Schedule technical retrospectives
Retrospective meeting is a crucial practice in Agile development, since it allows us to collect every lesson learned on each sprint. This practice allows us to identify practices that worked well for us, so we could do more of it in the future. It also helps us point out problems in our team and plan actions to handle them. I took this practice into my own team, with one topic in mind: how do we do in technical terms?
Technical retrospectives allows my team to discuss about (technical) issues that left unanswered because our fast-paced iterations, such as:
- Remaining TODOs. Solving a technical debt made by one person is easier when done together. 😉
- Style inconsistencies. Our style guide might not cover all cases for writing code, thus there’s always room for discussions. There was a case where the whole team used different verbs for similar methods, which were get, retrieve, and request. We decided to use “get” as the main verb for those methods.
- Possible refactors. It is common to have changes in the code as the project goes, and normally there are some refactoring that could be done, e.g. data / domain modeling.
We also took the technical retrospective as a chance to raise questions, share our learned lessons, and share ideas to make our codebase better. Through this action, we maintain our codebase’s health, increase our knowledge, and create list of low hanging-fruits that can be done during our code freeze period.
There’s one thing that should be noted for this practice – we need to ensure that the retrospective tackles ideas and problems, not the teammates. There’s a good chance that somebody made a mistake and that problem was brought into the retrospective. During the discussion, make sure that the whole team focus on bringing solution to the problem instead of bashing the person.

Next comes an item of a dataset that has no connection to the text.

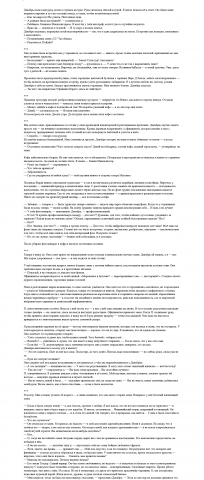 Рассказ "Палермо"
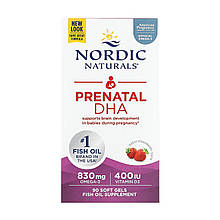 Prenatal DHA - 90 softgels Strawberry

Since the retrospective also allows us to bring new ideas, we might need to remind that rejection of an idea is not rejection of the person who proposed it. This is not an easy pill to swallow, though. There was a time where I proposed an idea and my whole team disagrees. It’s not a pleasant moment, but later on I realized the flaw on it. One of the perks for having an awesome team to rely on, folks! 😉
What do you think about these practices? Have you done something similar? Do you have other practices that might be useful for leading an agile team? I’d love to hear your opinion! 😁
P. S. : Kudos to everyone who worked with me on 2016 – engineers, quality assurances, project managers, designers, and business analysts! You guys rock! 🍻
P. P. S. : Dear future self, kindly add another blog post to validate these practices after you finished Steve McConnell’s Code Complete, ‘kay?